“Tú, malvado, nos arrancas la vida presente; pero, cuando hayamos muerto por su ley, el rey del universo nos resucitará para una vida eterna”. Así interpela al rey Antíoco IV Epífanes uno de los siete hermanos que fueron condenados a muerte por aquel tirano que pretendía hacerlos renegar de su fe (2 Mac 7,1-2.9-14).
Como se ve, el texto contiene varias contraposiciones. Por un lado aparece un rey temporal, mientras que el joven pone su confianza en el Rey celestial. El primero impone un decreto de muerte, mientras que Dios ofrece su ley de vida. Antíoco condena a muerte a los creyentes, pero el Señor resucita a sus fieles para la vida eterna.
En el salmo 16 esa certeza se manifiesta como una confesión de fe y un grito de esperanza: “A la sombra de tus alas escóndeme. Yo con mi apelación vengo a tu presencia, y al despertar me saciaré de tu semblante”.

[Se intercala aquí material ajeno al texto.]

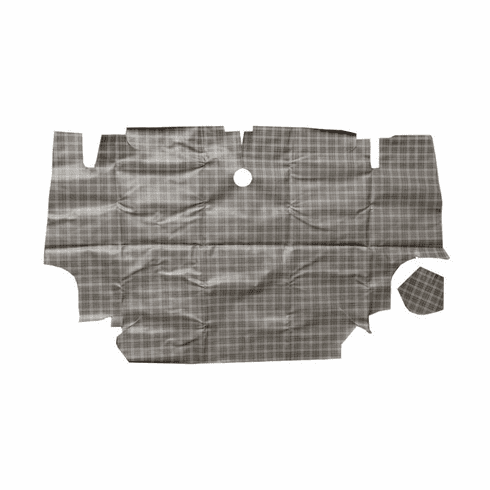 1967-68 Mustang Convertible & Coupe Plaid Trunk Mat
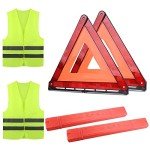 4-in-1 Emergency Warning Triangle and Vest Kit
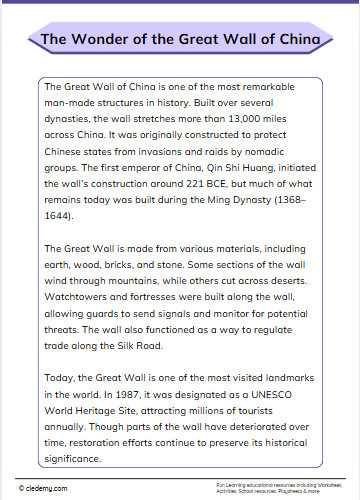 The Wonder of The Great Wall of China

Y, por otra parte, san Pablo recuerda a los fieles de Tesalónica que el Padre nos ha amado y nos ha regalado un consuelo permanente y una gran esperanza. Amar a Dios y esperar en Cristo: esa es la respuesta del creyente (2 Tes 2,15-3.5).
LA MUERTE Y LA VIDA
El evangelio de este domingo 32 del tiempo ordinario retoma la idea de la resurrección, tan discutida en tiempos de Jesús. Sabemos que los fariseos la admitían. Y también la admitía Marta, la hermana de Lázaro. Pero, a pesar de que ya había entrado en la conciencia del pueblo en la época de los Macabeos, los saduceos seguían rechazándola.
Pues bien, unos saduceos se acercan a Jesús y le cuentan la leyenda de una mujer que había tenido siete maridos. Su relato recuerda lo que se atribuía a Sara, la joven destinada a convertirse en la esposa de Tobías (Tob 7,11). Los saduceos preguntan cuál de aquellos hombres sería el verdadero esposo de la mujer que se había casado con todos ellos.
Jesús responde afirmando que la vida temporal está condicionada por la muerte. La caducidad humana impone la reproducción. Pero en la vida futura, libre ya de la muerte, no es necesario el matrimonio. “Los que sean juzgados dignos de la vida futura y de la resurrección de entre los muertos no se casarán, pues ya no pueden morir, son como ángeles”.
Es más, Jesús añade que “son hijos de Dios porque participan en la resurrección”. Por tanto, parece que el ser hijos de Dios no es un punto de partida, sino el final de un camino de fe, de esperanza y de amor.
DIOS DE VIVOS
Pero ¿cómo puede explicar Jesús esta convicción a los que están acostumbrados a leer las Escrituras? Imitando las discusiones habituales entre ellos, Jesús afirma que la fe en la resurrección se apoya en los relatos sobre los antiguos patriarcas. Basta recordar que Dios es el Señor de Abrahán, de Isaac y de Jacob. De esa memoria colectiva se deducen dos certezas:
• “Dios no es Dios de muertos, sino de vivos”. La afirmación sobre el destino del hombre depende de la afirmación sobre Dios. Dios nos ha creado para la vida. Para esa vida que brota de él y que ha de culminar en él. Sin embargo, la pregunta sobre lo que el hombre es y lo que va a ser de él difícilmente se podrá responder si se ignora a Dios.
• “Para Dios todos están vivos”. Conocemos los ritos funerarios de muchas culturas antiguas y actuales. En todos ellos se refleja el amor que une a los vivos con sus difuntos. Si amamos a una persona deseamos mantenerla en vida. La fe nos dice que Dios es amor. Nos ha creado por amor y su amor nos mantiene en vida para siempre junto a él.